Category: New Arrivals

Oriana Fallaci: The Journalist, the Agitator, the Legend – Cristina de Stefano

A landmark biography of the most famous Italian journalist of the twentieth century, an inspiring and often controversial woman who defied the codes of reportage and established the “La Fallaci” style of interview.

Oriana Fallaci is known for her uncompromising vision. To retrace Fallaci’s life means to retrace the course of history from World War II to 9/11.

As a child, Fallaci enlisted herself in the Italian Resistance alongside her father. Her hatred of fascism and authoritarian regimes would accompany her throughout her life. Covering the entertainment industry early on in her career, she created an original, abrasive interview style, focusing on her subject’s emotions, contradictions, and facial expressions more than their words. When she grew bored of interviewing movie stars and directors, she turned her attention to the greatest international figures of the time: Khomeini, Gaddafi, Indira Gandhi, and Kissinger, placing herself front and center in the story. Reporting from the front lines of the world’s greatest conflicts, she provoked her own controversies wherever she was stationed, leaving behind epic collateral damage in her wake.

Thanks to unprecedented access to personal records, Cristina De Stefano brings back to life a remarkable woman whose groundbreaking work and torrid love affairs will not soon be forgotten. Oriana Fallaci allows a new generation to discover her story, and witness the passionate, persistent journalism that we urgently need in these times of upheaval and uncertainty.

American Wolf: A True Story of Survival and Obsession in the West – Nate Blakeslee

The enthralling story of the rise and reign of O-Six, the celebrated Yellowstone wolf, and the people who loved or feared her

Before men ruled the earth, there were wolves. Once abundant in North America, these majestic creatures were hunted to near extinction in the lower 48 states by the 1920s. But in recent decades, conservationists have brought wolves back to the Rockies, igniting a battle over the very soul of the West.
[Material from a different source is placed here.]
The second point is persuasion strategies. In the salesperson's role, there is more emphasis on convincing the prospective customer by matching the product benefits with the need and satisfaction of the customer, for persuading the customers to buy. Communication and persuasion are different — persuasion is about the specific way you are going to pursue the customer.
With novelistic detail, Nate Blakeslee tells the gripping story of one of these wolves, O-Six, a charismatic alpha female named for the year of her birth. Uncommonly powerful, with gray fur and faint black ovals around each eye, O-Six is a kind and merciful leader, a fiercely intelligent fighter, and a doting mother. She is beloved by wolf watchers, particularly renowned naturalist Rick McIntyre, and becomes something of a social media star, with followers around the world.

But as she raises her pups and protects her pack, O-Six is challenged on all fronts: by hunters, who compete with wolves for the elk they both prize; by cattle ranchers who are losing livestock and have the ear of politicians; and by other Yellowstone wolves who are vying for control of the park’s stunningly beautiful Lamar Valley.

These forces collide in American Wolf, a riveting multigenerational saga of hardship and triumph that tells a larger story about the ongoing cultural clash in the West–between those fighting for a vanishing way of life and those committed to restoring one of the country’s most iconic landscapes.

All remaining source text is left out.